**SOURCE RECORDS**

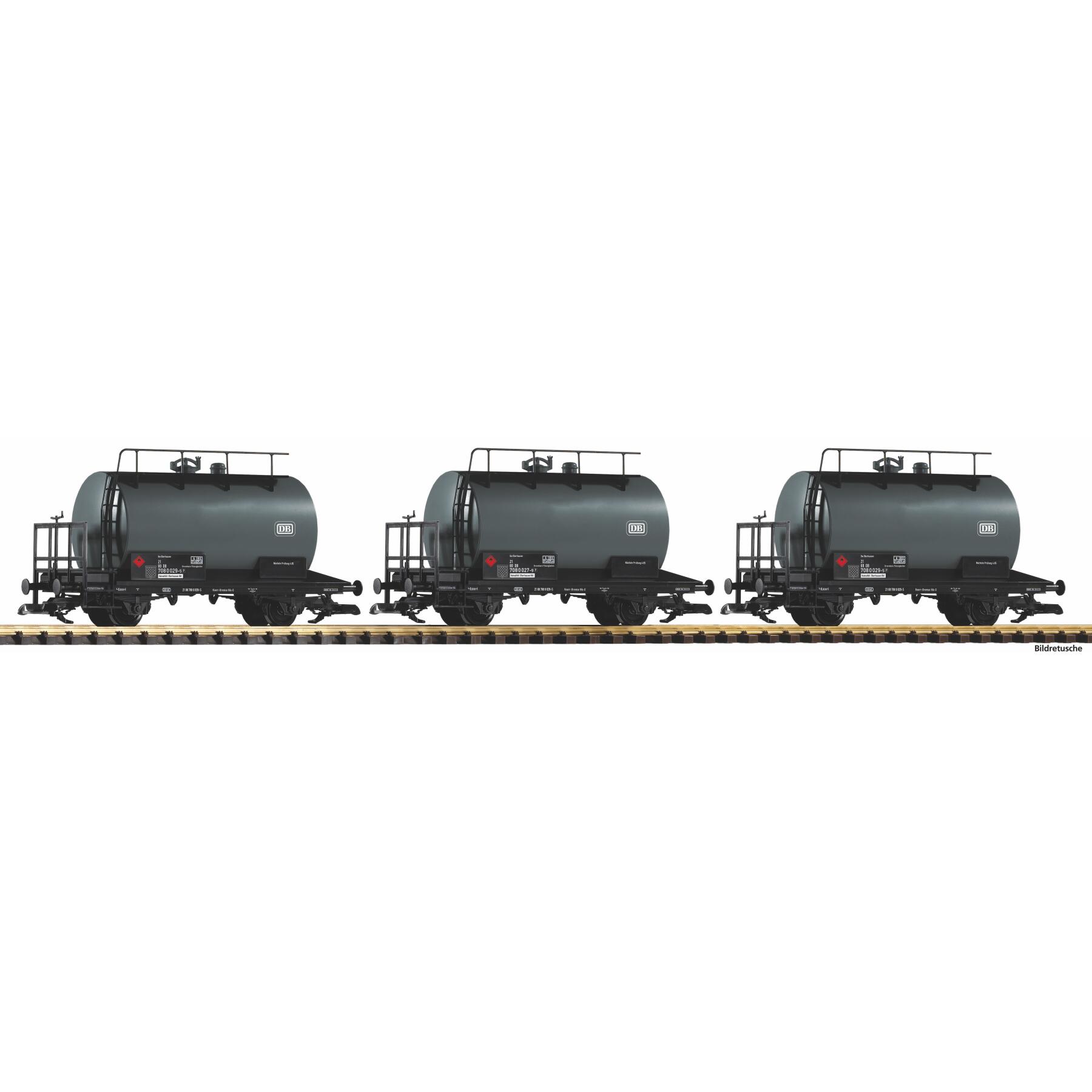 Piko 37777 G-3-er Set Kesselwagen DB IV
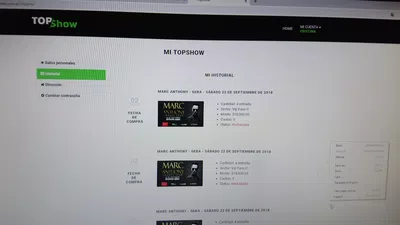 Un teléfono de topshow para reclamar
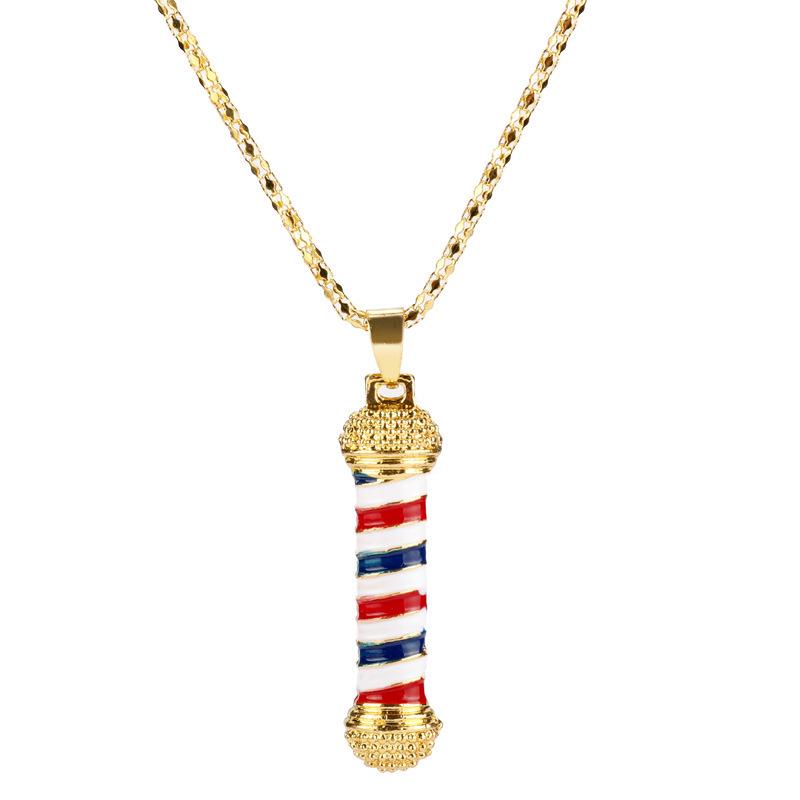 Creative Barber Shop Razor Pendant Necklace - Hip Hop Trend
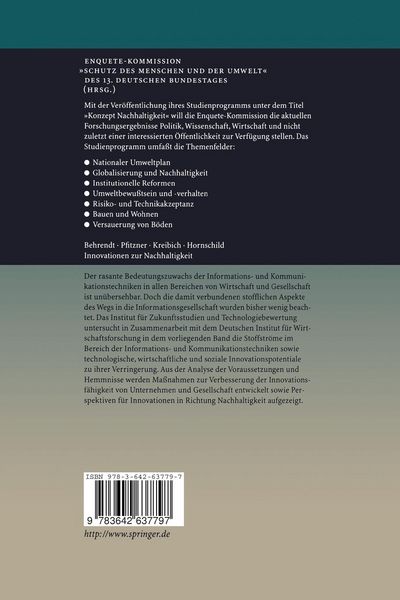 Produktbild: Innovationen zur Nachhaltigkeit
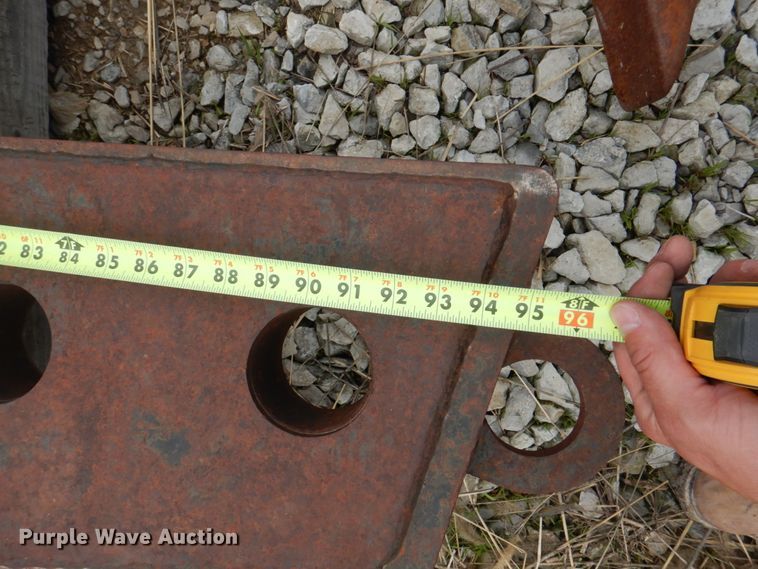 image for item DL0047 (2) vibratory cable plow blades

**EXERCISE DIRECTIONS**
Drop the pictures, then write out everything else in the records exactly.

**RESPONSE TO THIS TASK**
 Piko 37777 G-3-er Set Kesselwagen DB IV
 Un teléfono de topshow para reclamar
 Creative Barber Shop Razor Pendant Necklace - Hip Hop Trend
 Produktbild: Innovationen zur Nachhaltigkeit
 image for item DL0047 (2) vibratory cable plow blades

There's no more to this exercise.